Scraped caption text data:
--
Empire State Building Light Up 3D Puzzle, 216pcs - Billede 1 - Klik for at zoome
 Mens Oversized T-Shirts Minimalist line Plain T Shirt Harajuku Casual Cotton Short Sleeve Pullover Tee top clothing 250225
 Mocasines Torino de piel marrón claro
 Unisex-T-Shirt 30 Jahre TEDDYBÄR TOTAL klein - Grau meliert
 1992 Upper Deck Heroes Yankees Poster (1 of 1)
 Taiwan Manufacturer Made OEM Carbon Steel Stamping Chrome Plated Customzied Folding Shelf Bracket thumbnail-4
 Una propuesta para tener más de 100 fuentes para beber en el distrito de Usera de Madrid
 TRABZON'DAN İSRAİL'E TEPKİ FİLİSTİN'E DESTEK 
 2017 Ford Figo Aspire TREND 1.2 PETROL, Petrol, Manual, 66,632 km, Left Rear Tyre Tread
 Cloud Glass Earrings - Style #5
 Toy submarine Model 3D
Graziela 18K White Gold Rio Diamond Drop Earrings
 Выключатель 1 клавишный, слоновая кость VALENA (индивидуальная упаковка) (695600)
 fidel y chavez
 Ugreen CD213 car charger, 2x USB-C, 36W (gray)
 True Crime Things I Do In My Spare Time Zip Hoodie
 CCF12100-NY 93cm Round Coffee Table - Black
--
**Exercise:** I need every line of the data that has the word "Shirt"; please list them.

**Solution to this exercise:**
 Mens Oversized T-Shirts Minimalist line Plain T Shirt Harajuku Casual Cotton Short Sleeve Pullover Tee top clothing 250225
 Unisex-T-Shirt 30 Jahre TEDDYBÄR TOTAL klein - Grau meliert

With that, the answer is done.